Паша стала работать в этой мастерской истопником и уборщицей. Работать тут же, где живешь, для женщины с тремя малыми детьми лучшего и придумать нельзя. К тому же, рядом дом сестры, есть к кому пойти, посоветоваться, рассказать о наболевшем. Так и стали жить.
Однако, вскоре привезенные с собой продукты подошли к концу и пришлось менять на продукты сначала свои вещи, а потом и детские.
В январе месяце в семье практически не осталось ни вещей, ни продуктов. Плотники, работающие в мастерской, видя, как бьётся и бедствует Паша с ребятами, подсказали ей, чтобы шла к председателю колхоза просить помощи. И она пошла в правление колхоза. Председатель, выслушав, не поднимая глаз, глухо ответил.

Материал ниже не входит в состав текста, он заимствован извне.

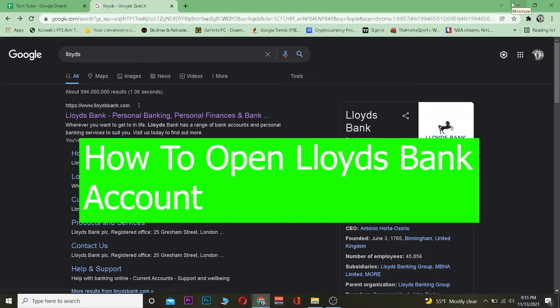Welcome to our channel everybody. You guys are watching TechTube and in this video I'm going to be showing you guys how you can open a Lloyds Bank online banking account.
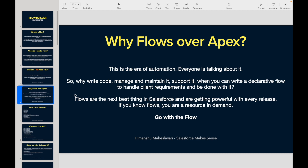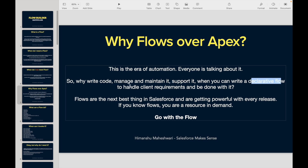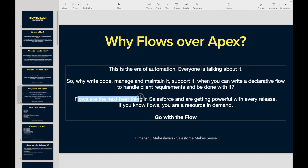Any and every such place — flows come in handy. Why write code, manage it, maintain it, and support it, when you can write a declarative flow that does the exact same thing your client needs? Flows are the next best thing in Salesforce and are getting more powerful with every release.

Верю, что детей кормить совсем нечем, сглотнув слюну, продолжил, рад бы вам помочь, но закрома пусты, а голодающих в колхозе много. Не обессудьте, пока помочь нечем. Как только будет малейшая возможность, вам поможем.
Спасибо на добром слове, сквозь слезы ответила Паша, повернулась и пошла, не видя дороги, слезы катились из глаз. Чем же кормить детей?
С каждым днём ситуация с продовольствием на селе ухудшалась, стали пропадать собаки и кошки. Ловили ворон и других птиц, обитавших рядом с человеком.
В конце января Вите посчастливилось поймать нескольких ворон. Сваренный из них суп с добавлением какого-то зерна, казался праздничным обедом. Каждую птицу варили по два раза, чтоб растянуть насыщенный бульон на несколько раз.
Паша уже обошла всех своих старых знакомых, выпрашивая у них что-нибудь из съестных припасов. Пришлось идти по второму разу. Заметила, людям не до неё. Круг знакомых сузился и, наконец, настало время, когда просить было не у кого. В семье стало уже правилом кушать в сутки один раз и то только светлую болтушку из отрубей. Но все чаще стало случаться, когда есть было вообще нечего. В такие дни всей семьей сидели на лежанке, спать ложились рано все и в одну постель, согревая друг друга собственным теплом, пытаясь забыться, отвлечься от постоянно сосущего голода. И только Роза, маленькая Роза не переставала плакать, повторяя одну и ту же фразу: «Ой, есть хочу». Она была настолько худа, что, казалось, просвечивается как стеклянная, а светлые длинные жиденькие волосы ещё больше подчеркивали её худобу.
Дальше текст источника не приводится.